■ What to produce: Below is a block of entries; repeat exactly the lines starting at the line that contains "1609168 - decoration" and ending at the line that contains "广西杨氏-杨朝公后裔广西省隆林片区支系族谱.pdf电子版插图1", both included.

##### Data extracts

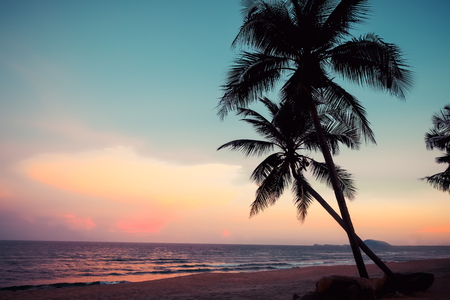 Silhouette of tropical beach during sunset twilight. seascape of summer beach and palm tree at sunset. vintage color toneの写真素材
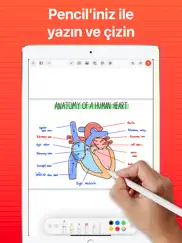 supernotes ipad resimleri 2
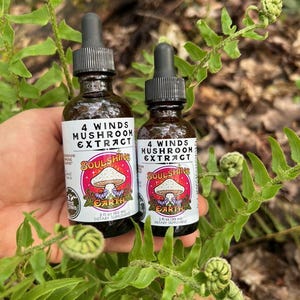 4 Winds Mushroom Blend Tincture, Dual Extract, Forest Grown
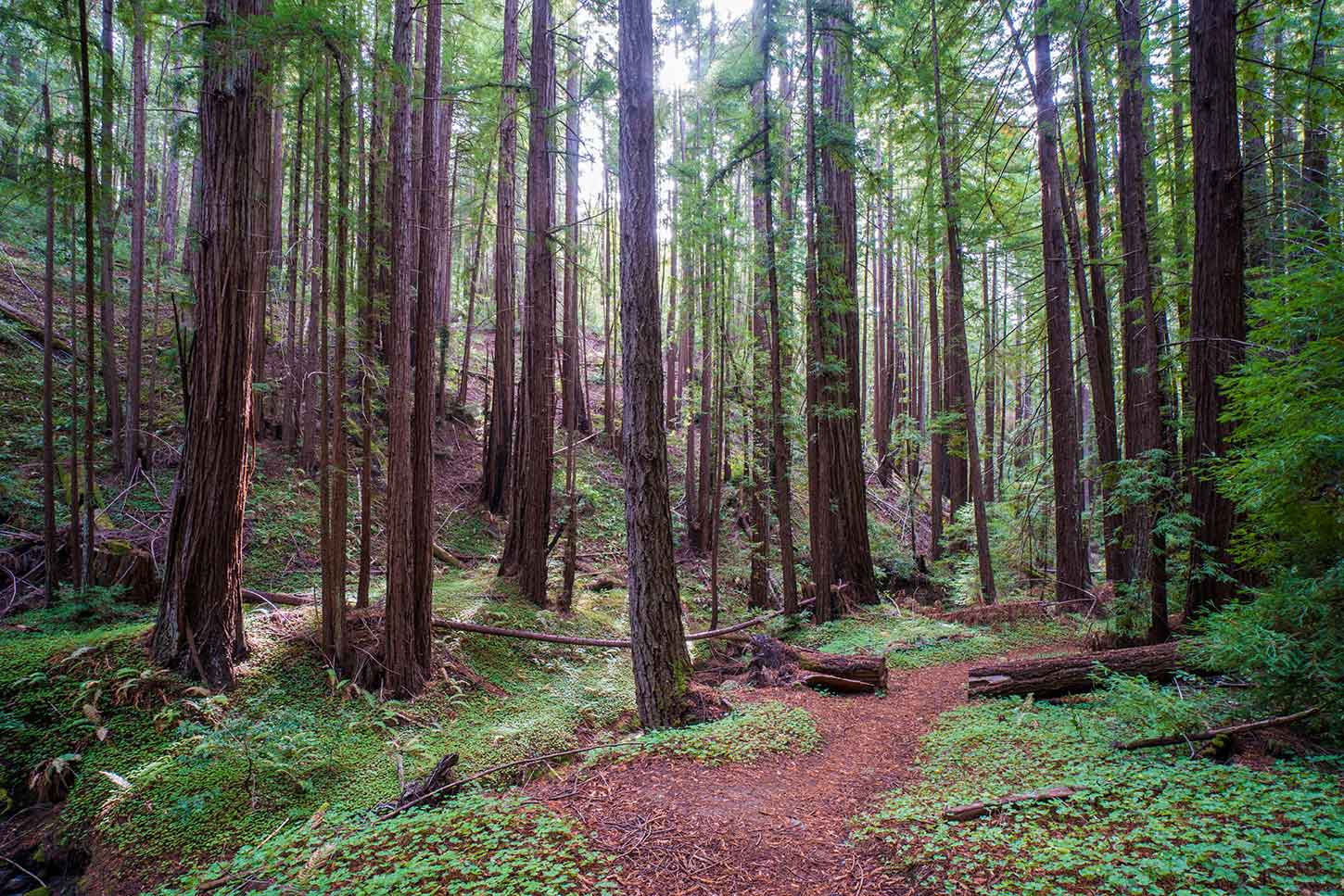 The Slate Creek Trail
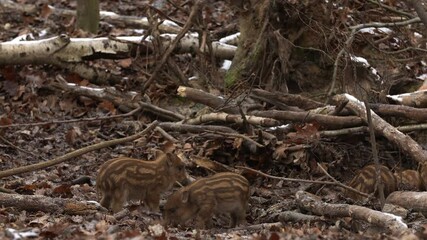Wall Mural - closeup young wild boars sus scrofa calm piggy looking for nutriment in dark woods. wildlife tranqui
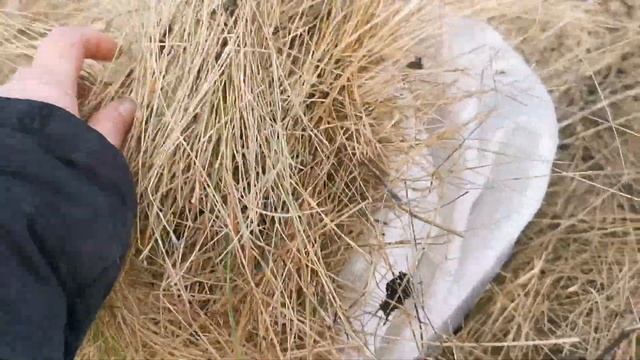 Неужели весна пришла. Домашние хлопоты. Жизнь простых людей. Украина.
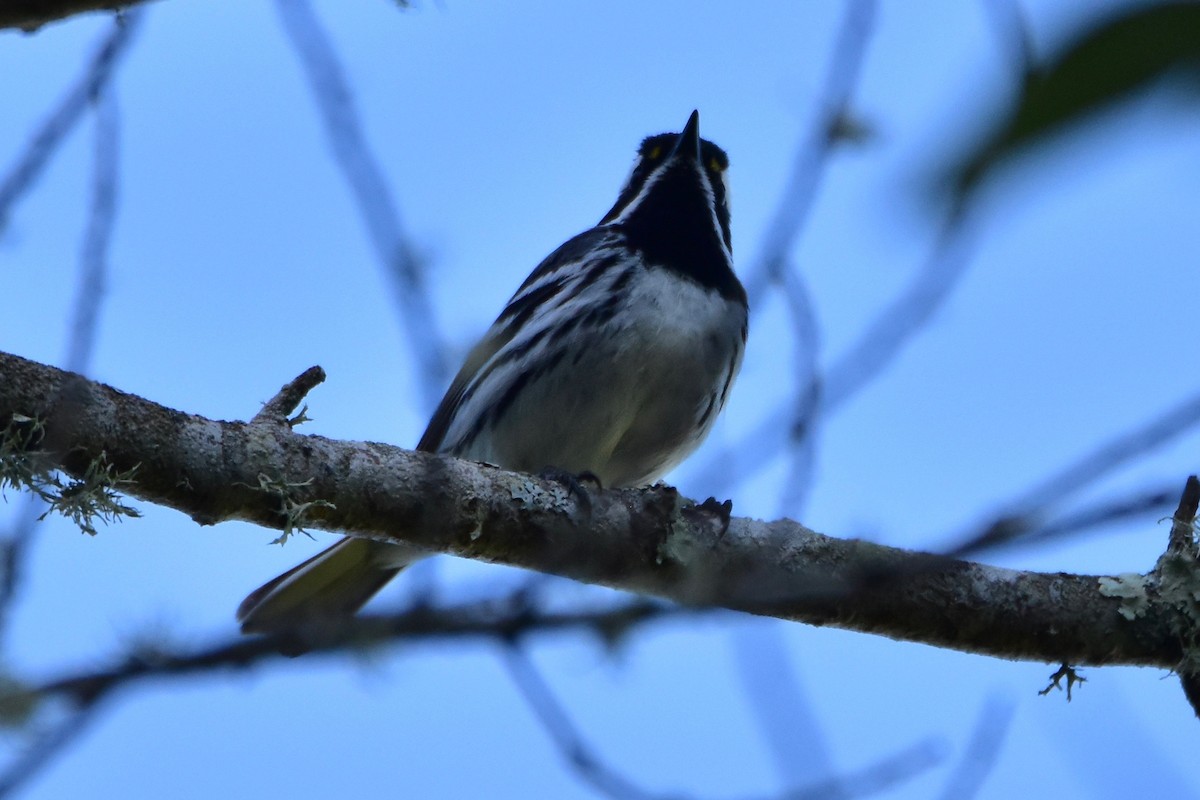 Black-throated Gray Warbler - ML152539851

##########
##### Data extracts

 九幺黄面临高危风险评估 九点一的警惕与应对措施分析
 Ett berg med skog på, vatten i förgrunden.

##########
##### Data extracts

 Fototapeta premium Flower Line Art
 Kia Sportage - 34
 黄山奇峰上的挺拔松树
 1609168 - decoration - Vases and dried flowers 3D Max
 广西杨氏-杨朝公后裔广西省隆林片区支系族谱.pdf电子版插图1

##########

■ Answer section:
 1609168 - decoration - Vases and dried flowers 3D Max
 广西杨氏-杨朝公后裔广西省隆林片区支系族谱.pdf电子版插图1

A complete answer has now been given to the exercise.